WORK INSTRUCTION: Reproduce the records that follow exactly; any picture among them stays out.
╭──
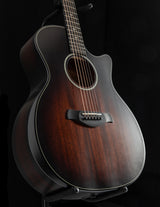 Taylor 324ce Builder's Edition Tobacco Kona Burst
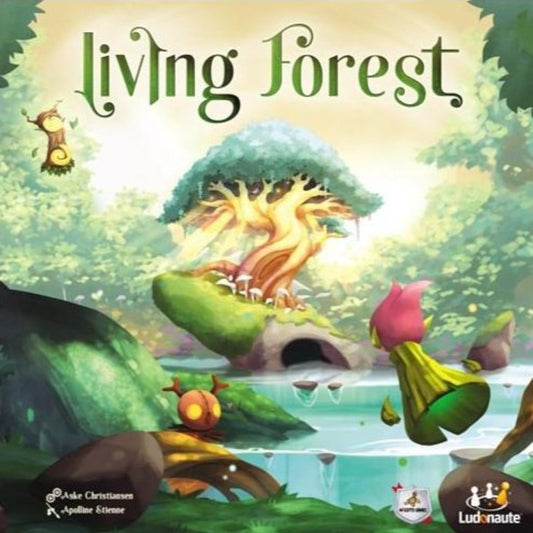 Living Forest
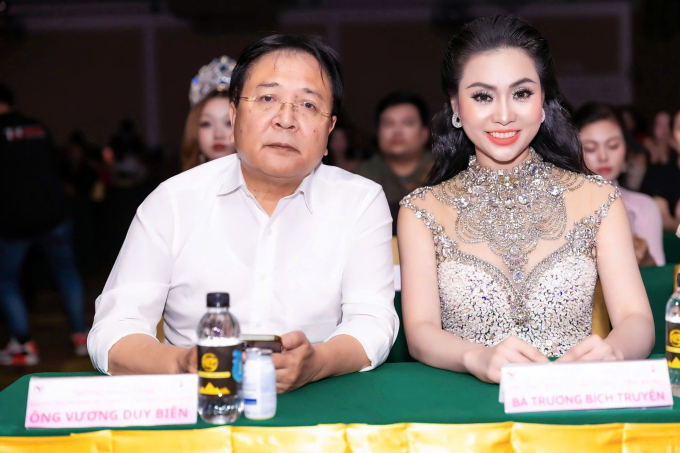 Khởi động cuộc hi88.com đăng nhập "Hoa hậu Bông sen Việt 2025" với chủ đề “Tỏa sáng phẩm giá Việt”- Ảnh 5.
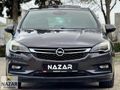 NAZAR'DAN 2016 Opel Astra 1.4 T Dynamic Otomatik Vites Boyasız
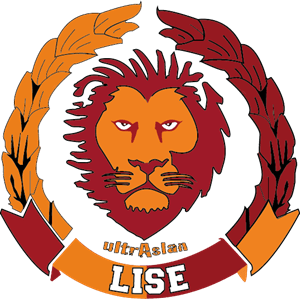 ultrAslan Lise Logo PNG Vector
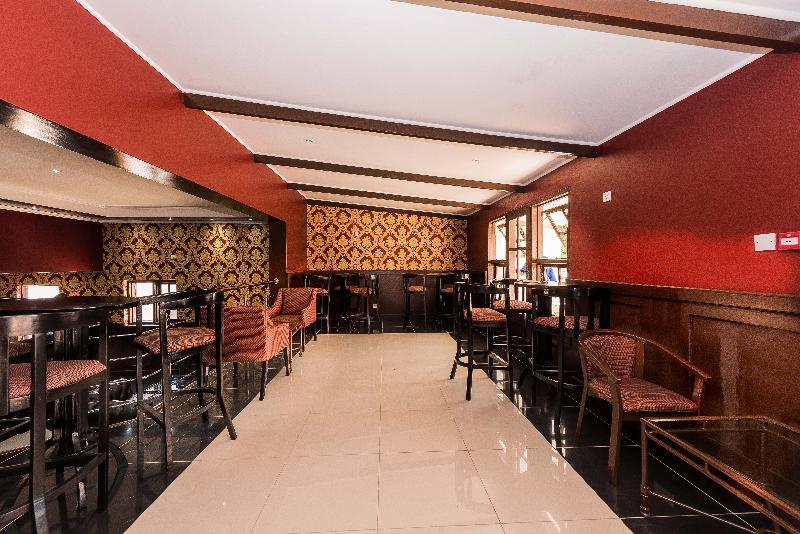 Sunbird Lilongwe Hotel Luaran gambar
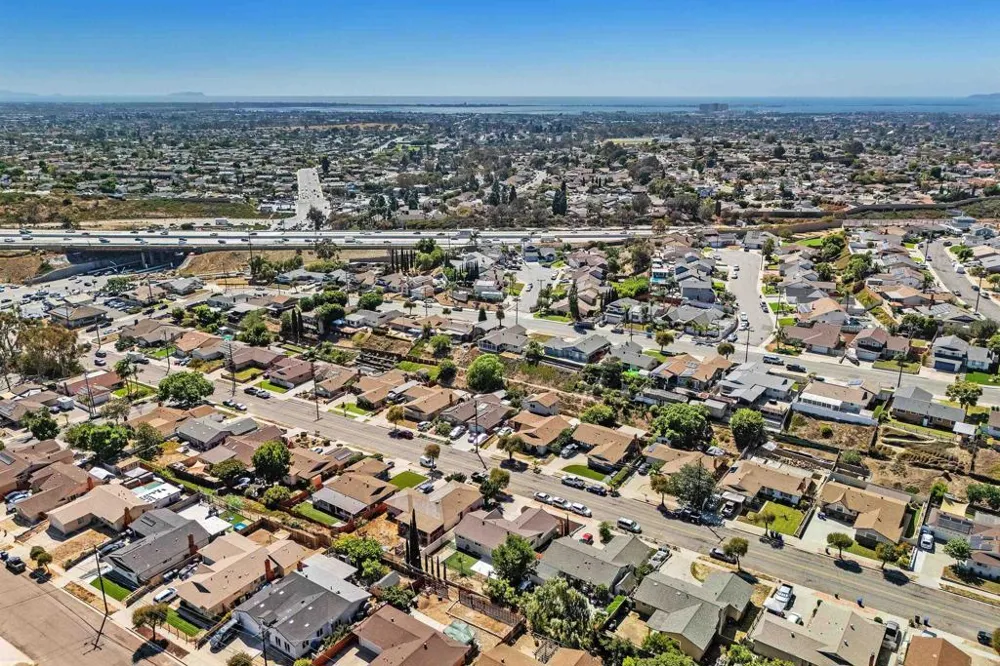 847 Halecrest Dr Chula Vista, CA 91910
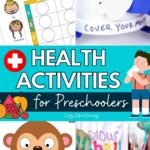 Health Activities for Preschoolers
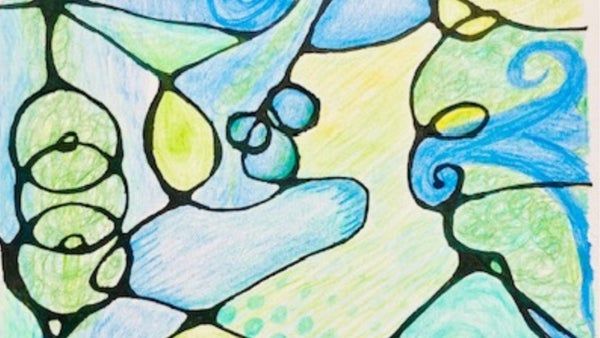 Exploring Inner Insight Through Art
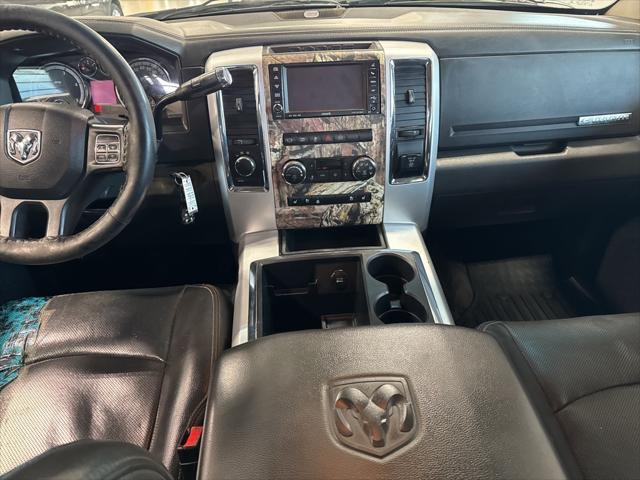 used 2012 Ram 3500 car, priced at $23,524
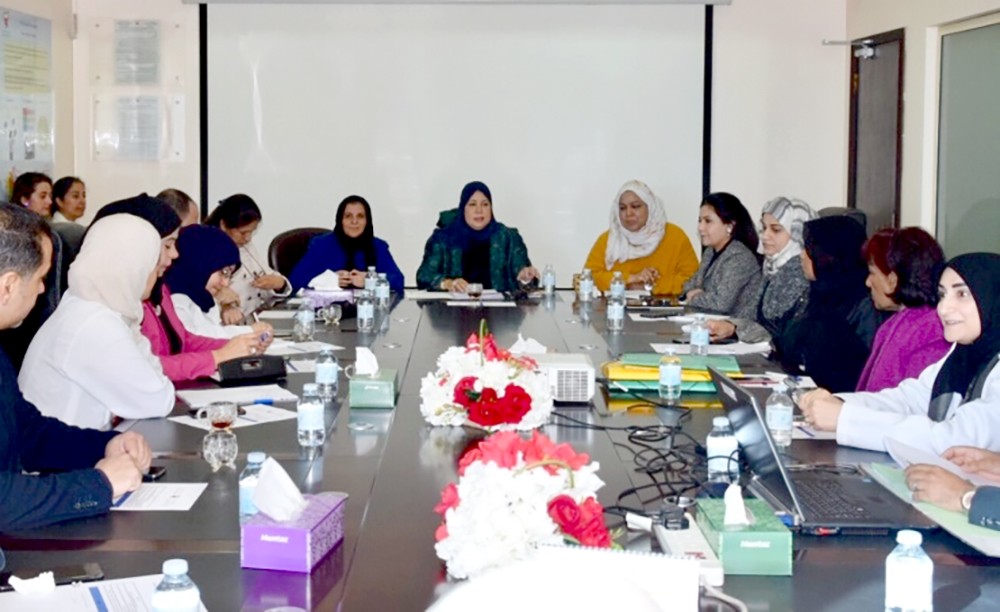 الصحة تعزز من إجراءاتها الاحترازية والوقائية للتصدي لفيروس كورونا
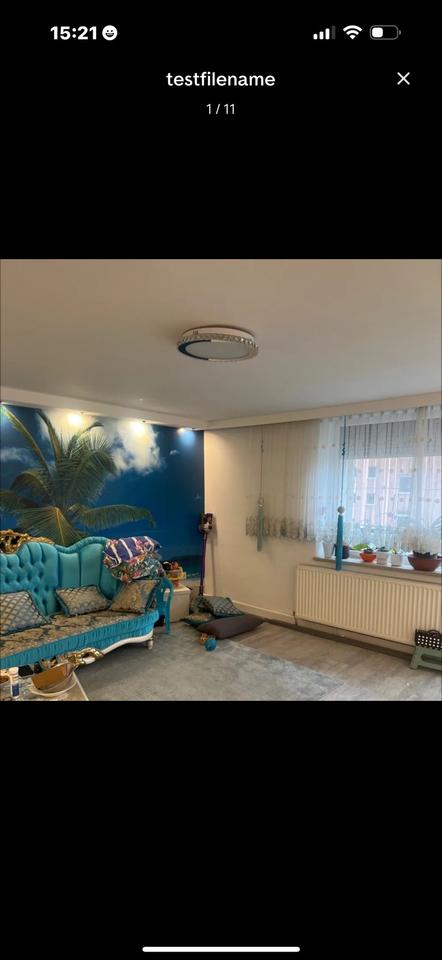 Thumbnail-3 Zimmer Wohnung 75qm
╰──
REPLY:
 Taylor 324ce Builder's Edition Tobacco Kona Burst
 Living Forest
 Khởi động cuộc hi88.com đăng nhập "Hoa hậu Bông sen Việt 2025" với chủ đề “Tỏa sáng phẩm giá Việt”- Ảnh 5.
 NAZAR'DAN 2016 Opel Astra 1.4 T Dynamic Otomatik Vites Boyasız
 ultrAslan Lise Logo PNG Vector
 Sunbird Lilongwe Hotel Luaran gambar
 847 Halecrest Dr Chula Vista, CA 91910
 Health Activities for Preschoolers
 Exploring Inner Insight Through Art
 used 2012 Ram 3500 car, priced at $23,524
 الصحة تعزز من إجراءاتها الاحترازية والوقائية للتصدي لفيروس كورونا
 Thumbnail-3 Zimmer Wohnung 75qm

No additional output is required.